And there were pictures. She took all kinds of pictures.


“For hubby,” she purred.


Later, after we had scraped ourselves off the sheets and washed up, she took two objects out of her purse and placed them on the nightstand. A keychain and a gun.




The big key opens the front door. The small key opens the safe in the upstairs study. It's a floor safe under the desk. There should be anywhere from 40 to 75 thousand dollars in there. You get to keep half. The other half you bring to me here. If you're not here in two hours, I send these pictures to my husband, along with your name and address.” She held up my wallet. “My husband is not the kind of man to let something like this go. He's more like the kind of man to have you dig your own hole and leave you there.”




"If you are back here in two hours, I send the pictures anyway, but without any of your info. I hope that prick does a slow burn for the rest of the day, and then I hope his head explodes when he finds out his money is missing."

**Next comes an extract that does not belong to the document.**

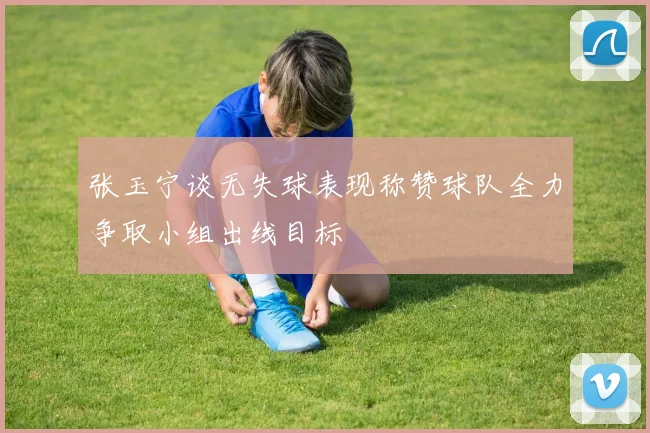 张玉宁谈无失球表现称赞球队全力争取小组出线目标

“And the gun? I could use the money and I appreciate the, um, the sex. But I don't think I could shoot anyone.”


She gave a soft laugh and walked over to the bed. She took my head in her hands and pressed it against her moneymaker.


“The gun's for the dog.”


Oh yeah. The dog.


"The house will be empty except for his damn dog, Lucky. He loves that mutt more than me and maybe more than his money. It's about 500 years old and farts more than it barks. You'll be doing Lucky a favor. Shoot the fucker, bring me back its collar, and I'll let you put it on me and fuck me like a dog until one of us passes out.”




The house was a large colonial in a nice neighborhood. Like all suburban neighborhoods in Jersey, this one was a complete ghost town between 10:00 am and 2:00 pm. I opened the door and slipped inside. Easy peasy. I didn't take time to tour the whole place, instead making my way straight up the stairs. Hook a right, go past two doors, open the third. Bingo. The study.

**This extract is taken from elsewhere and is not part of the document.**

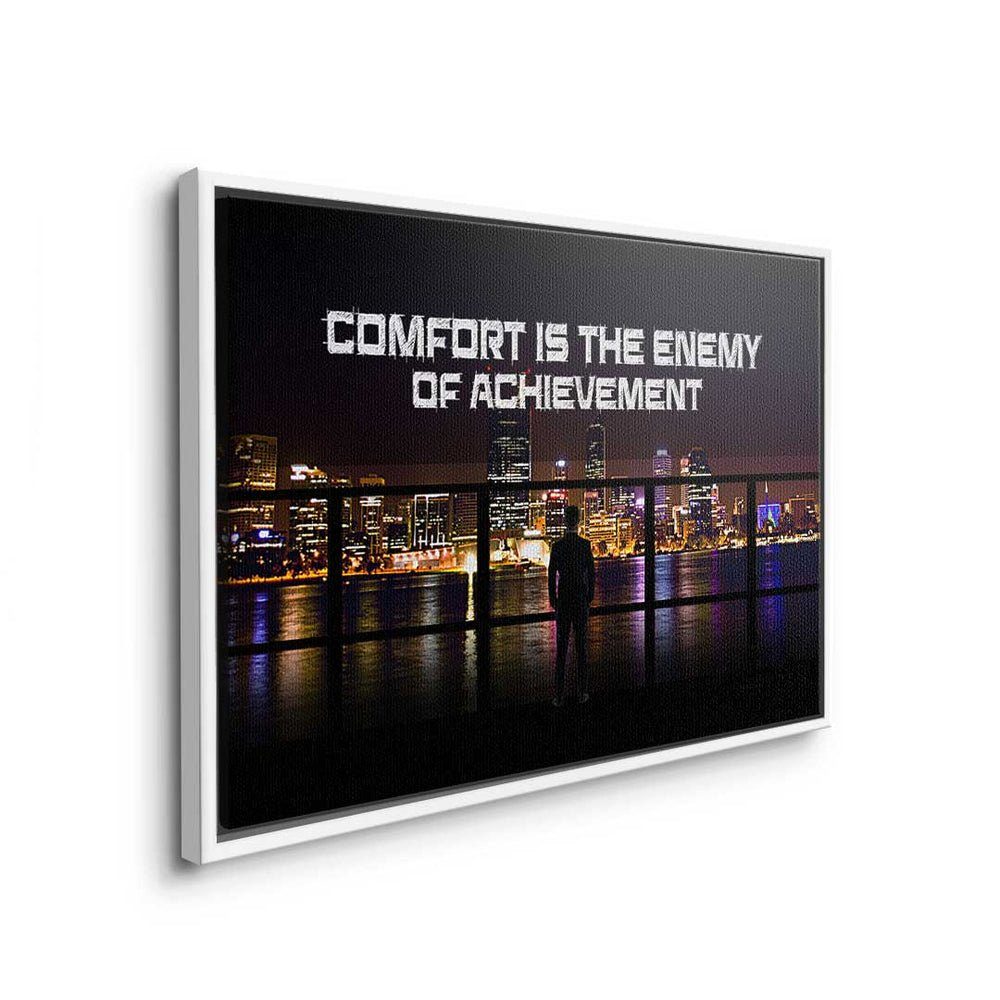 Leinwandbild Rahmen ist Achieve Premium Motivation Enemy Comfort - - ohne the of Leinwandbild, DOTCOMCANVAS®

I walked quickly to the desk, got on my hands and knees with some difficulty (my knees being a bit sore from my morning Maggie workout), and found the keyhole to the floor safe. Like she said, there was a lot of cash. $55,000 and change. I took it all, together with a Movado watch.


Easy peasy.


I put everything in a “Kings Supermarket” reusable shopping bag and stood up.

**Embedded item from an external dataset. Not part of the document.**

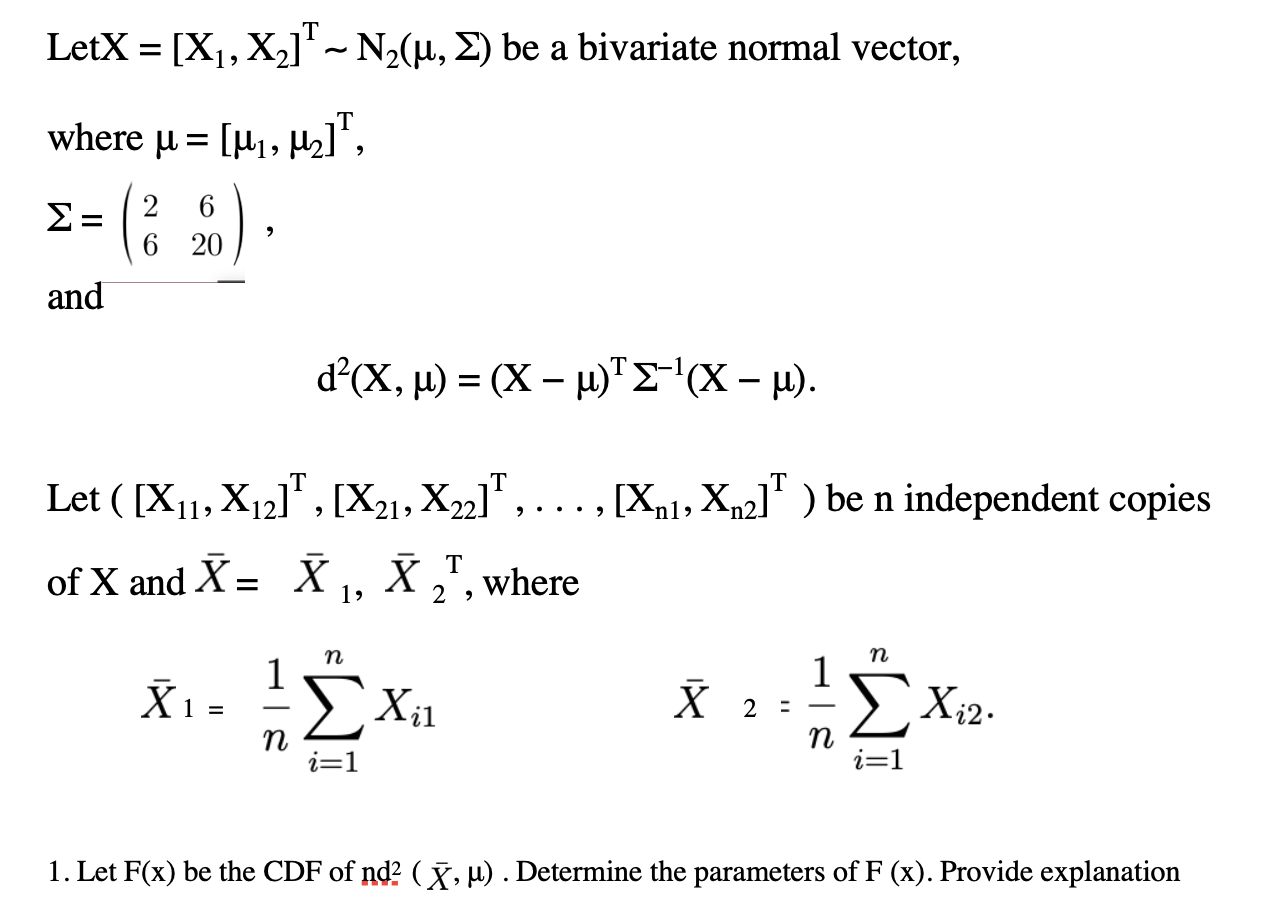 Solved LetX =[X1,X2]T∼N2(μ,Σ) be a bivariate normal vector, | Chegg.com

Lucky. The four footed walking wind bag was sitting in the doorway, looking at me. It was a german shepherd. Maggie wasn't lying when she said he was old. His eyes were filmy, his hair was matted, and his breathing sounded like my Grandpa Manuel when he watched the showgirls on Telemundo, Nueva York. He was big enough, but I could tell there was no fight in him.


And he wore a silver studded black collar.


My mouth went dry at the thought of Maggie on her knees wearing nothing but that collar.


Hiya boy. Who's a good doggie?” I cocked the gun and took a few cautious steps toward the door. Lucky took the opportunity to lie down and pass a fart. He looked at me with those watery eyes and yawned.


A few steps closer. Even a rube like me couldn't miss at this distance. I stood there, gun in hand, looking eye to eye with the Methuselah of the canine world. Lucky sighed.

I stood there for some time. But I couldn't do it. I had fifty-five thousand dollars, a watch and a beautiful woman. Why should I kill a dog? I'd just stop by PetCo on the way to the motel, buy a damn dog collar and have my fun.


“Today's your lucky day, Lucky.” I put the gun away and stepped over pooch. I was halfway to the stairs when I heard the front door open.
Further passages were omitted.